Neither of them moved.
“This is stupid,” Kieran said. “We just met. I don’t even know your last name.”
“Valdez.”
“Cleo Valdez.” He smiled. “I’m Kieran Moss. I’m a public defender. I live in Montrose with my fiancée and a cat named Biscuit. I drink too much coffee and I’m terrible at returning phone calls.”
“Why are you telling me this?”
“Because in about five minutes I’m going to walk back to my office and pretend this never happened. And I figure you should know something real about me first.”
The thread pulsed brighter.
“Cleo Valdez,” she said. “I work for a marketing firm that specializes in insurance companies. I live alone in a studio apartment with very good acoustics and a broken garbage disposal. I haven’t been on a date in eight months and I’m starting to think I prefer it that way.”
“Why?”
“Because dating is like job interviewing. Everyone’s performing the best version of themselves until someone gets hired, and then you find out what they’re actually like.”
“And what are you actually like?”
She stood up, leaving her coffee untouched. “I guess you’ll never know.”
“Cleo.”
She turned back.
“Same time tomorrow?” he asked.
The thread between them glowed steady and warm.
“Same time tomorrow,” she said.
Author’s Note
I don’t remember when I first heard about the invisible thread theory thing (probably somewhere between a Tumblr post and a friend of a friend’s podcast). But I came across it again recently and I couldn’t get it out of my head. The idea that the universe ties you to another person, and then forces you to figure out the rest. What a wild concept. I think we dream up these theories because real life isn’t so easy. There aren’t any instructions for finding a person you belong with, especially when the timing can be a little off. Or way off, even.
That’s pretty much where Soulmate Season comes from. I wanted to write a story where the big magical thing happens: soulmate confirmed, thread glowing, fate delivered! But…it’s still complicated. Because it’s still inconvenient. Still human.
Cleo, to be fair is not like me at all.

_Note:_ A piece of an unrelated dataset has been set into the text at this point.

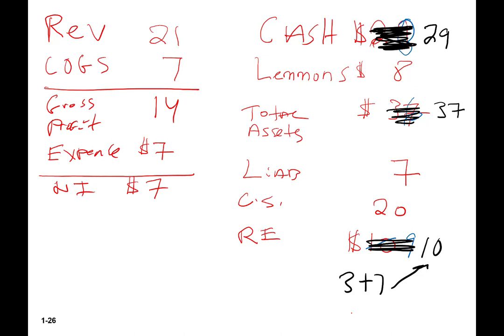Last year's ending balance of $8 rolls forward to the beginning balance of $8 when I start the new year. Then I sold seven lemons at $3 each — that's $21 dollars of cash coming in. So that means by the end of the year before paying anything else, I had $29 dollars of cash — $8 plus $21 from selling the lemons at $3 each.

I want to be understood and seen, but she just wants to handle that dog insurance client with as little to do as possible. Then again, there’s a version of her I can relate with. The part of her who wants to earn that closeness. Not just take a predestined short cut.
Kieran, on the other hand, is the person who stumbles around trying to do the right thing even when he’s not sure what that is. Ultimately, I think he probably makes a wrong decision and learns from it. Either way, the thread doesn’t care what they think. The thread shows up anyway. Life shows up anyway.
Honestly, I don’t look at this piece as a love story. It’s not a rom-com where the two end up together in the end. Cleo still has her life and Kieran has his commitment. In my mind, neither of them show up the next day. But I purposefully left that out of the story because I think it’s irrelevant.
Interesting that you don't think either will show up the next day. I immediately thought they would after that last line. Good short story! (P.S., I like the neighbor who power-washed her driveway in case her soulmate was the mail carrier.)